_GIVEN DATA_
********

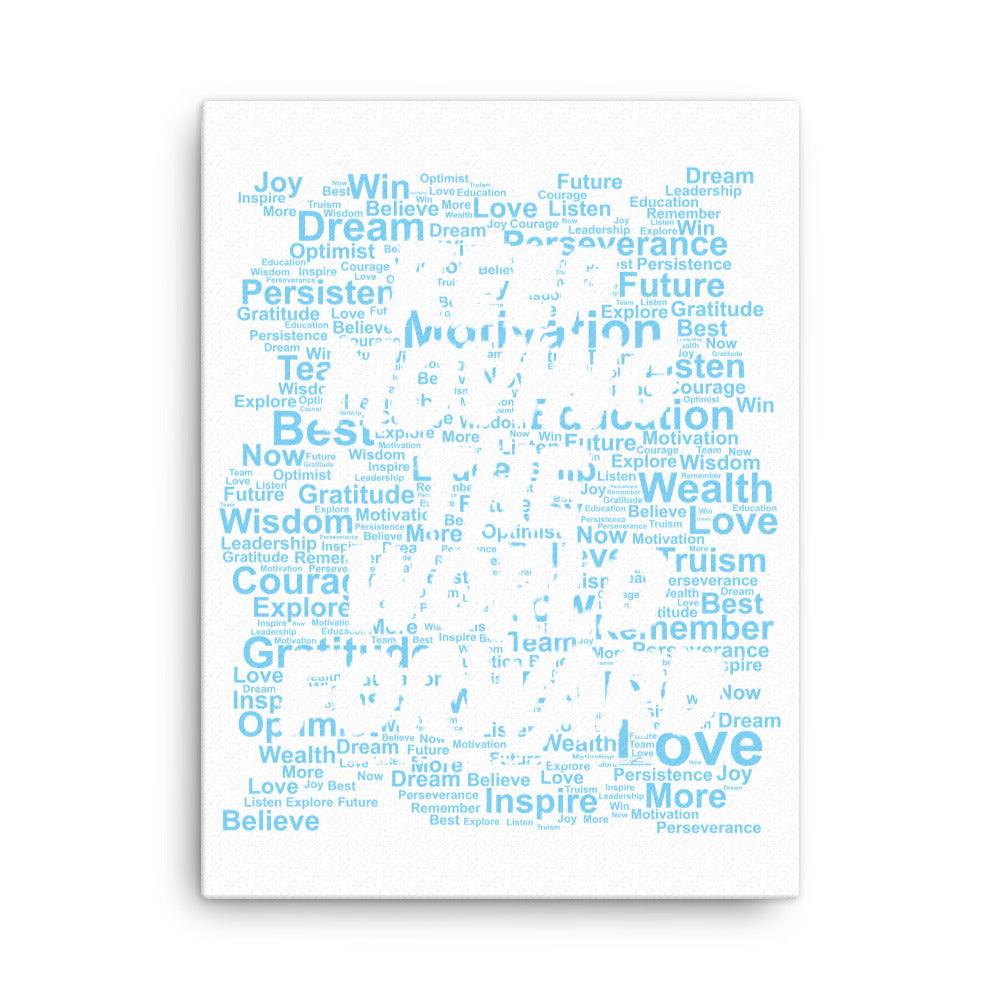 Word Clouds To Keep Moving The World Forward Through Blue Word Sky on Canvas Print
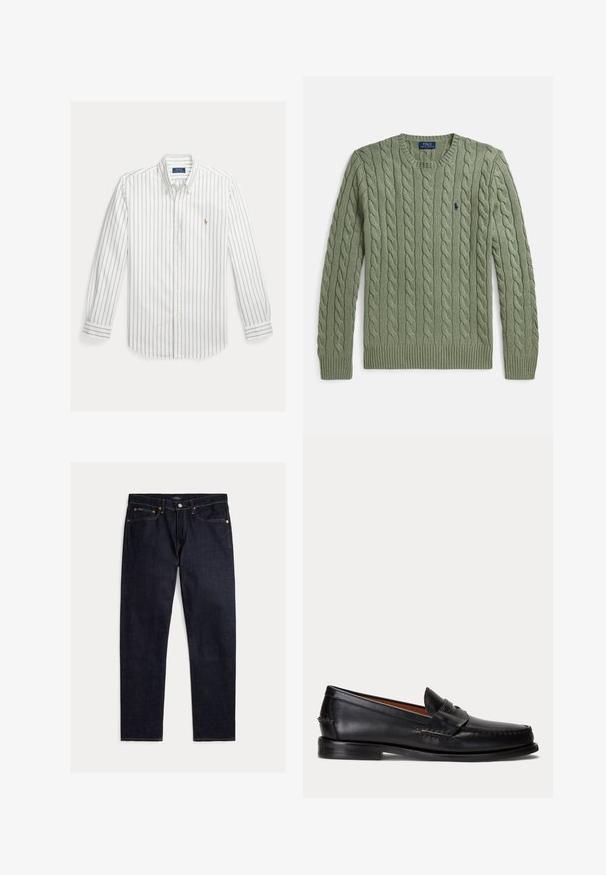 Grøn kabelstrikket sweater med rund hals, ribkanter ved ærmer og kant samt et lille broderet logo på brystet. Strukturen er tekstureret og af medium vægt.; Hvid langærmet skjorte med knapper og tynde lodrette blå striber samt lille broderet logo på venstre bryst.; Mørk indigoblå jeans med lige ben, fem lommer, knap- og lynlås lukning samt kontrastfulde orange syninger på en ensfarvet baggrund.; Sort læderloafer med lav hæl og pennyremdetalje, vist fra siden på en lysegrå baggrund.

********

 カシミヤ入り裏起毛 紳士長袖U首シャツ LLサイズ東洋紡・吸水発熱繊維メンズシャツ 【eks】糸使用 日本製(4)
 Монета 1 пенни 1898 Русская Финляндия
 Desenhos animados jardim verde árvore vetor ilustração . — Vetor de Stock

********

_TASK GOAL_
Above are entries with pictures among them. Write out exactly the lines from the one containing "Word Clouds To" through the one containing "Grøn kabelstrikket sweater", ends included, and leave those pictures out.

_SOLUTION_
 Word Clouds To Keep Moving The World Forward Through Blue Word Sky on Canvas Print
 Grøn kabelstrikket sweater med rund hals, ribkanter ved ærmer og kant samt et lille broderet logo på brystet. Strukturen er tekstureret og af medium vægt.; Hvid langærmet skjorte med knapper og tynde lodrette blå striber samt lille broderet logo på venstre bryst.; Mørk indigoblå jeans med lige ben, fem lommer, knap- og lynlås lukning samt kontrastfulde orange syninger på en ensfarvet baggrund.; Sort læderloafer med lav hæl og pennyremdetalje, vist fra siden på en lysegrå baggrund.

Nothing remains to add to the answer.